*Source data*.
- Opening Delimiter -

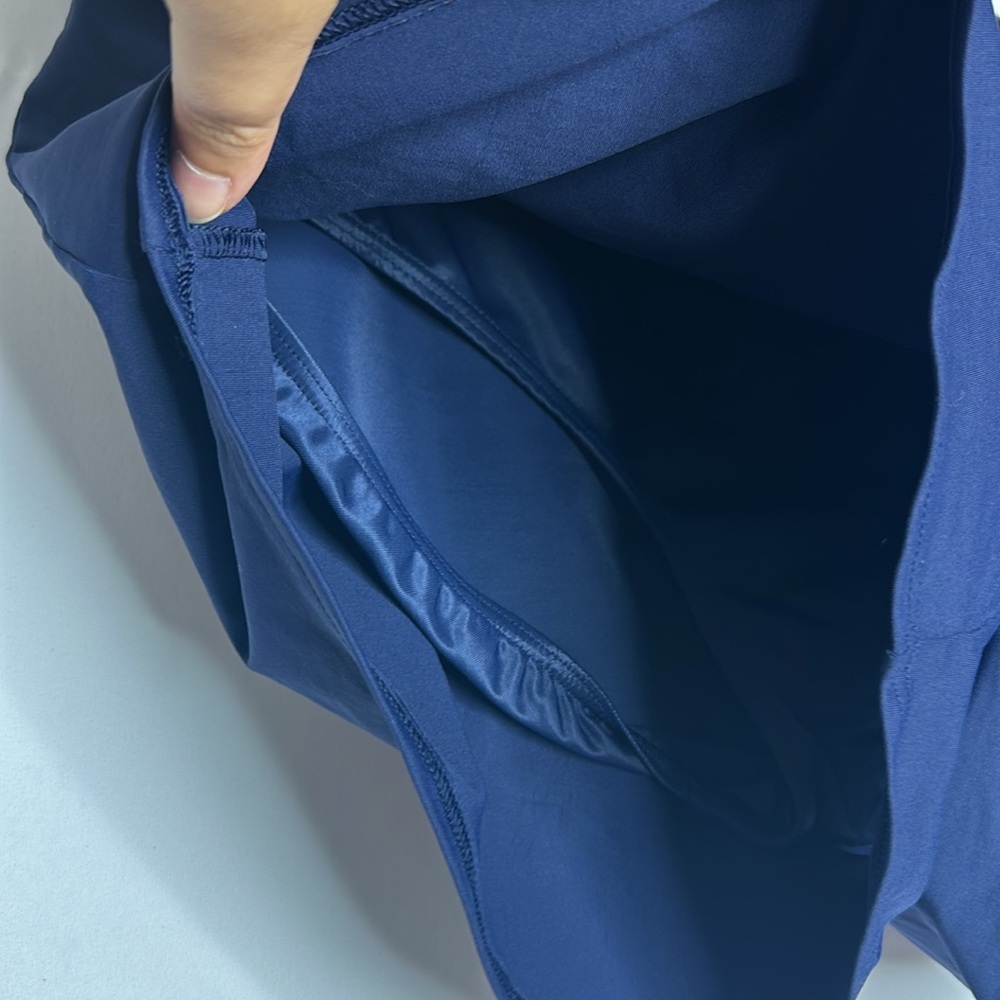 LAND'S END | Smoothing Swim Shorts Navy Women's Size 16P - Picture 2 of 4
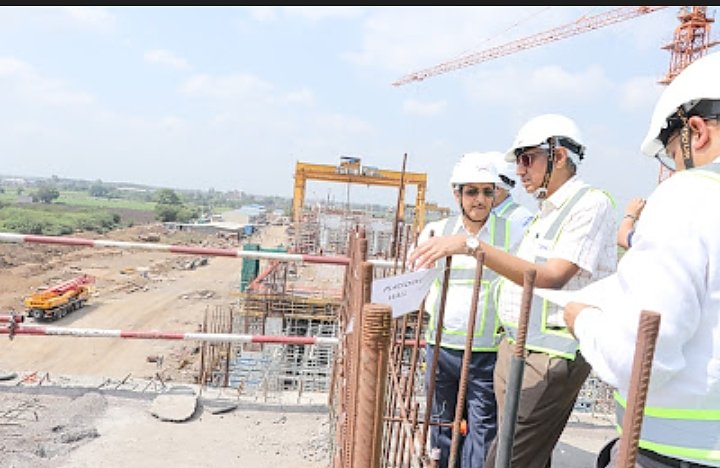 Chairman  & CEO, Railway Board Shri Anil Kumar Lahoti today inspected ongoing work of Surat High Speed Rail station & visited casting yard in connection with MAHSR project. 

He also inspected Surat station & discussed progress of redevelopment of stn with  Sr. railway officers.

- Closing Delimiter -

*What to do*. This task calls for the lines from the line containing "Chairman  & CEO, Railway" through the end of the listing, set down exactly and only, with pictures omitted.

*Solution for this problem*.
 Chairman  & CEO, Railway Board Shri Anil Kumar Lahoti today inspected ongoing work of Surat High Speed Rail station & visited casting yard in connection with MAHSR project. 

He also inspected Surat station & discussed progress of redevelopment of stn with  Sr. railway officers.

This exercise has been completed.